Definition at line 84 of file Minor.cc.

{
  _numberOfRowBlocks = lengthOfRowArray;
  _numberOfColumnBlocks = lengthOfColumnArray;
 
  /* allocate memory for new entries in _rowKey and _columnKey */
  _rowKey = (unsigned*)omalloc(_numberOfRowBlocks*sizeof(unsigned));
  _columnKey = (unsigned*)omalloc(_numberOfColumnBlocks*sizeof(unsigned));
 
  /* copying values from parameter arrays to private arrays */
  for (int r = 0; r < _numberOfRowBlocks; r++)
    _rowKey[r] = rowKey[r];
 
  for (int c = 0; c < _numberOfColumnBlocks; c++)
    _columnKey[c] = columnKey[c];
}

MinorKey() [2/2]

MinorKey::MinorKey

(

const MinorKey &

mk

)

A copy constructor.

This method overrides the shallow copy constructor by a self-written deep copy version.

Parameters

mk	the MinorKey to be deep copied

Definition at line 23 of file Minor.cc.

{
  _numberOfRowBlocks = mk.getNumberOfRowBlocks();
  _numberOfColumnBlocks = mk.getNumberOfColumnBlocks();;
 
  /* allocate memory for new entries in _rowKey and _columnKey */
  _rowKey = (unsigned*)omAlloc(_numberOfRowBlocks*sizeof(unsigned));
  _columnKey = (unsigned*)omAlloc(_numberOfColumnBlocks*sizeof(unsigned));
 
  /* copying values from parameter arrays to private arrays */
  for (int r = 0; r < _numberOfRowBlocks; r++)
    _rowKey[r] = mk.getRowKey(r);
  for (int c = 0; c < _numberOfColumnBlocks; c++)
    _columnKey[c] = mk.getColumnKey(c);
}

~MinorKey()

MinorKey::~MinorKey

(

)

A destructor for deleting an instance.

Definition at line 104 of file Minor.cc.

{
  _numberOfRowBlocks = 0;
  _numberOfColumnBlocks = 0;
  omfree(_rowKey); _rowKey = NULL;
  omfree(_columnKey); _columnKey = NULL;
}

Member Function Documentation

compare()

int MinorKey::compare

(

const MinorKey &

mk

)

const

A comparator for two instances of MinorKey.

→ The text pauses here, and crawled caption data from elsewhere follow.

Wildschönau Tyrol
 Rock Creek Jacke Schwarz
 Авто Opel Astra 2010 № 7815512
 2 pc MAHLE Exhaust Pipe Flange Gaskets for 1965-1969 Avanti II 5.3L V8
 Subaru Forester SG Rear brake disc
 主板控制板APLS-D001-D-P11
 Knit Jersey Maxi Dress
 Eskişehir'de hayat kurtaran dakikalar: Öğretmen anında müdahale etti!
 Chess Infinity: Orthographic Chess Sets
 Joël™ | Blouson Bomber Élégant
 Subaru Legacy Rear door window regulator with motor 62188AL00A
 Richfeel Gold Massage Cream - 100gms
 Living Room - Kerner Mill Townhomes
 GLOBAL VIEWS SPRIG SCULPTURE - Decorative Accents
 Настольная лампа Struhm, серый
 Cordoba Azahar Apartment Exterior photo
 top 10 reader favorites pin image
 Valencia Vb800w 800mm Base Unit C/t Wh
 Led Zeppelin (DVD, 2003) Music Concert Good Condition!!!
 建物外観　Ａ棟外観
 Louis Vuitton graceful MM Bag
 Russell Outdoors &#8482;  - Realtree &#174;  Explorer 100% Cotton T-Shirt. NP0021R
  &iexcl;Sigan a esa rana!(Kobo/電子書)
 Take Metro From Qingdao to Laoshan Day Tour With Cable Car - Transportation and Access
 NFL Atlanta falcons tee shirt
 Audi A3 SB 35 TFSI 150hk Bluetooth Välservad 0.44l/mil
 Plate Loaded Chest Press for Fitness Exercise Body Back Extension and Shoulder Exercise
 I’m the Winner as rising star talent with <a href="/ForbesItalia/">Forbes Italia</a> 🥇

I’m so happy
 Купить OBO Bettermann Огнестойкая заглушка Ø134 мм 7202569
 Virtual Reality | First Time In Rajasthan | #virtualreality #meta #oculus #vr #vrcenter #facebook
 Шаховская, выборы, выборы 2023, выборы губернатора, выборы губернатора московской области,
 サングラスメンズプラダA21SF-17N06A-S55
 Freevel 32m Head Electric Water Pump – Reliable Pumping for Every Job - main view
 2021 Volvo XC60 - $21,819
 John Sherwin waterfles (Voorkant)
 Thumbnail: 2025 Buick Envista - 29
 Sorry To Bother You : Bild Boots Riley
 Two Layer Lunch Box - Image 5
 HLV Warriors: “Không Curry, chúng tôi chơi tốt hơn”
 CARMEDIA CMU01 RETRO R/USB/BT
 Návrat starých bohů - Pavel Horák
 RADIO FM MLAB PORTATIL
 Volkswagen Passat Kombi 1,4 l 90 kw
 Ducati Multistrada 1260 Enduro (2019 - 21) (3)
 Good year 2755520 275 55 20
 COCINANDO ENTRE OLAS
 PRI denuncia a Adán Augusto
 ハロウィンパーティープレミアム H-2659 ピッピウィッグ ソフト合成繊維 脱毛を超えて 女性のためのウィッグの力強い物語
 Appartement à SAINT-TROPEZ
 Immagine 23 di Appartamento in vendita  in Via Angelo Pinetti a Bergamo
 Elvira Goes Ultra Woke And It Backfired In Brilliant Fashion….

The ordering induced by this implementation determines the ordering of all (key --> value) pairs in a cache that uses MinorKey as KeyClass.

Parameters

mk	a second MinorKey to be compared with this instance

Returns

-1 iff this instance is smaller than mk; 0 for equality; +1 otherwise

See also

MinorKey::operator== (const MinorKey&) const

Definition at line 412 of file Minor.cc.

{
  /* compare by rowKeys first; in case of equality, use columnKeys */
  if (this->getNumberOfRowBlocks() < that.getNumberOfRowBlocks())
    return -1;
  if (this->getNumberOfRowBlocks() > that.getNumberOfRowBlocks())
    return 1;
  /* Here, numbers of rows are equal. */
  for (int r = this->getNumberOfRowBlocks() - 1; r >= 0; r--)
  {
    if (this->getRowKey(r) < that.getRowKey(r)) return -1;
    if (this->getRowKey(r) > that.getRowKey(r)) return 1;
  }
  /* Here, this and that encode ecaxtly the same sets of rows.
     Now, we take a look at the columns. */
  if (this->getNumberOfColumnBlocks() < that.getNumberOfColumnBlocks())
    return -1;
  if (this->getNumberOfColumnBlocks() > that.getNumberOfColumnBlocks())
    return 1;
  /* Here, numbers of columns are equal. */
  for (int c = this->getNumberOfColumnBlocks() - 1; c >= 0; c--)
  {
    if (this->getColumnKey(c) < that.getColumnKey(c)) return -1;
    if (this->getColumnKey(c) > that.getColumnKey(c)) return 1;
  }
  /* Here, this and that encode exactly the same sets of rows and columns. */
  return 0;
}

getAbsoluteColumnIndex()

int MinorKey::getAbsoluteColumnIndex

(

const int

i

)

const

A method for retrieving the (0-based) index of the i-th column in the set of columns encoded in this.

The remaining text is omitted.